In 2022, EU energy subsidies nearly doubled from the previous year, reaching €397 billion. Over two years, the UK provided about £75 billion in support, including subsidies for household energy bills. Tordoir said, “If European countries need to spend at this level in the future, it is doable but will be very painful.”

Foreign media point out that the UK may be the most prominent example. This week, the UK government announced a £53 million fund to help households reliant on heating oil, especially severe in Northern Ireland. However, the UK has yet to take broader measures, such as delaying the upcoming fuel tax hike.

The UK government is currently adhering strictly to fiscal rules to reassure bond investors worried about high debt and low growth prospects. UK bond yields tend to rise faster than neighboring countries during market sell-offs, increasing borrowing costs. Last year, £1 of every £10 of UK government expenditure went toward debt interest. Now, with fiscal conditions just beginning to improve, the Iran conflict could disrupt this trend. Tordoir said, “The UK is especially vulnerable.”

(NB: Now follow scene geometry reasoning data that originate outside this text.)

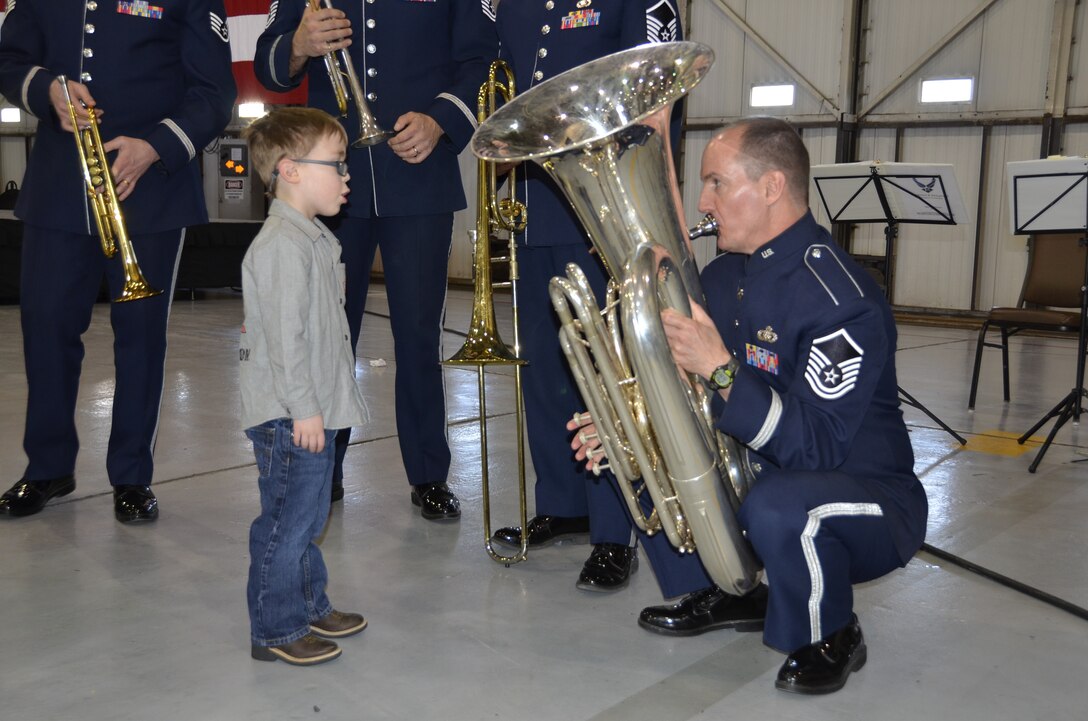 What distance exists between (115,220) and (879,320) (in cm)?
236

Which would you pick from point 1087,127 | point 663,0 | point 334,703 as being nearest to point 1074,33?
point 1087,127

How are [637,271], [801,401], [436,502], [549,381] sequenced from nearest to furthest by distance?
[637,271] < [801,401] < [549,381] < [436,502]

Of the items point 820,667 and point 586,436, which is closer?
point 820,667

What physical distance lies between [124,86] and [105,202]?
0.45 metres

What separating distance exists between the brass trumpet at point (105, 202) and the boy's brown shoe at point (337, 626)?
1.23m

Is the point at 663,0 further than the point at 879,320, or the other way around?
the point at 663,0

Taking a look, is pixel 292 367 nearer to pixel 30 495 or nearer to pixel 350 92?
pixel 350 92

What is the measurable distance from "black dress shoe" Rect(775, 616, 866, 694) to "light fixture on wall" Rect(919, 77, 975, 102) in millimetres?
10906

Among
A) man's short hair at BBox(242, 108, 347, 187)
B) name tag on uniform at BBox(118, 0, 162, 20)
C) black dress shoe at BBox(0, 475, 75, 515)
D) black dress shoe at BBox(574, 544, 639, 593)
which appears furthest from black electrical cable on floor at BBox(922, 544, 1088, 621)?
name tag on uniform at BBox(118, 0, 162, 20)

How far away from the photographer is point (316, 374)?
2.36 meters

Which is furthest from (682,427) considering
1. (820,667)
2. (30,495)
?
(30,495)

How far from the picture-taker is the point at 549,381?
3.17 metres

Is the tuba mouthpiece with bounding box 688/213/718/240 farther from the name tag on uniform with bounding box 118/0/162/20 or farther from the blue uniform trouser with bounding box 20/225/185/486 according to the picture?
the name tag on uniform with bounding box 118/0/162/20

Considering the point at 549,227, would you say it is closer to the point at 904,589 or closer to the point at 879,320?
the point at 879,320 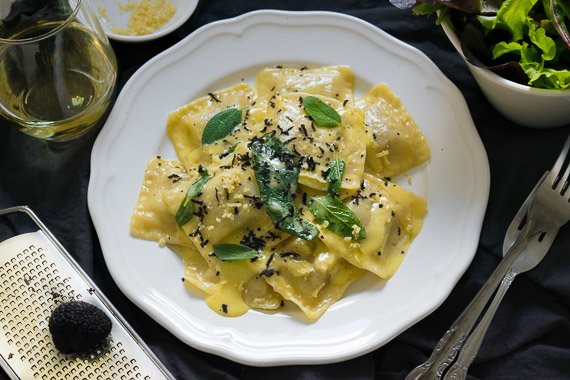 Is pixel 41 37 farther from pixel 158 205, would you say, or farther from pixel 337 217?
pixel 337 217

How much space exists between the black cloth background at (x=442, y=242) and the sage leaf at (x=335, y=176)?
644 mm

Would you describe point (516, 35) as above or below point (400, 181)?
above

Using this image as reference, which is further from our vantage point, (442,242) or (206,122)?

Marcel Fratzscher, Director of the German Institute for Economic Research, stated that as Europe’s largest economy, Germany has little fiscal room to maneuver. In 2022, Germany temporarily cut gasoline and diesel taxes, costing €3 billion. The institute estimates that if oil and gas prices stay at current levels throughout the year, Germany’s economic growth could halve to 0.5%. Fratzscher said, “This isn’t something the government can fix with existing budgets or simple reallocations, and this is just the beginning.”

France faces similar issues. Although it has abundant nuclear power, making its energy structure relatively stable, the French government has long struggled to reduce debt levels.

Greece, Spain, and Portugal are relatively bright spots. These countries, once worried about high debt and weak fiscal discipline, have improved their fiscal situations—some reducing debt, others like Spain benefiting from strong economic growth. This has enabled them to take early measures to shield households and businesses from rising costs.

Latest Iran Warnings

According to CCTV News, on March 19, local time, the spokesperson for Iran’s Hatam Anbia Central Command said that Iran’s armed forces’ offensive and defensive actions are ongoing and unprecedented in strength.

He stated that attacking Iran’s energy infrastructure is a serious mistake, and Iran’s counterattack is underway and not over. If such incidents occur again, Iran will launch further attacks on the energy infrastructure of the U.S., Israel, and their allies, until they are completely destroyed. Iran’s response will be far stronger than before.

On March 19, local time, Israel’s Defense Forces detected a new round of ballistic missile attacks from Iran. This was the eighth attack since early that day, with no casualties reported so far.

Preliminary military assessments suggest that the missile was likely intercepted, but the attack triggered sirens in Jerusalem and parts of central Israel.